President Donald Trump's administration has begun returning to Congress
copies of a voluminous 2014 report describing the CIA's harsh detention
and interrogation programs, U.S. officials said on Friday.
The Trump administration's move means it could be more difficult for the
full, 6,700-page report to be made public, because documents held by
Congress are exempt from laws requiring government records to eventually
be made public.
The White House made the move in response to requests by Sen. Richard
Burr, the Senate Intelligence Committee's current Republican chairman,
officials said.
In a statement emailed to Reuters, Burr said: "I have directed my staff
to retrieve copies of the Congressional study that remain with the
Executive Branch agencies and, as the Committee does with all classified
and compartmented information, will enact the necessary measures to
protect the sensitive sources and methods contained within the report."
Sen. Dianne Feinstein, the Democrat who chaired the committee when the
report was produced, had asked that it be distributed to multiple
executive branch agencies, a move designed to make it eventually
releasable to the public under the Freedom of Information Act law.

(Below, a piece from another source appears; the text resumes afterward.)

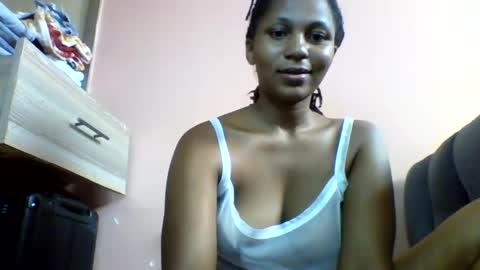 lovergal257 online show from 25, 4, 2026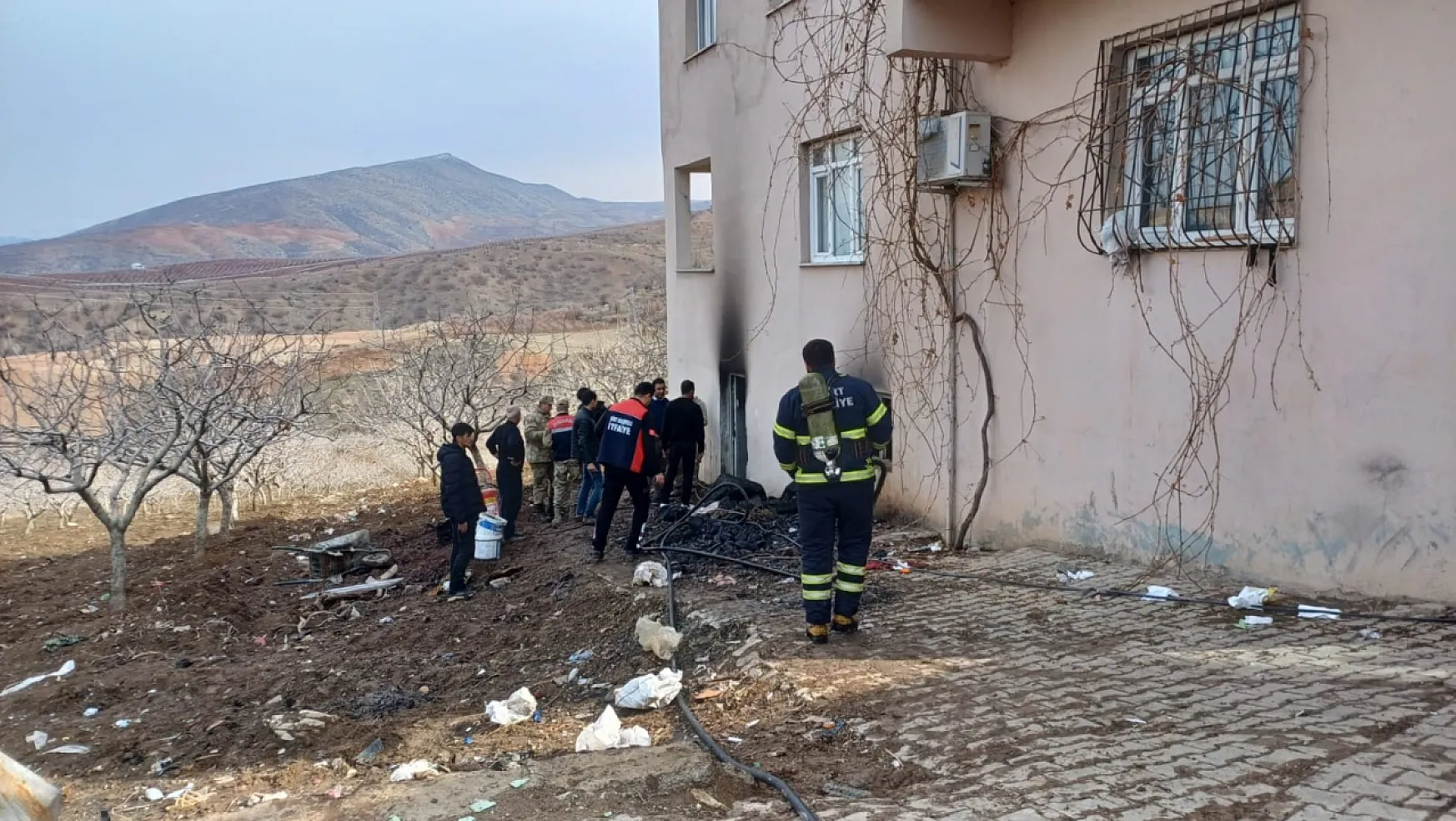 Siirt'te Binanın Bodrum Katında Çıkan Yangın Söndürüldü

Feinstein said in a statement that she was "concerned and disappointed"
that Burr requested that the document be returned, calling it a
departure from the committee's normal bipartisan nature.
"No senator, chairman or not, has the authority to erase history. I
believe that is the intent of the chairman in this case," she said.
Sen Mark Warner, who succeeded Feinstein as the committee's top
Democrat, said in a Twitter post he was "disappointed" with Burr's
decision, and that the report "must be preserved so we can learn from
past mistakes & ensure that abuses are never repeated."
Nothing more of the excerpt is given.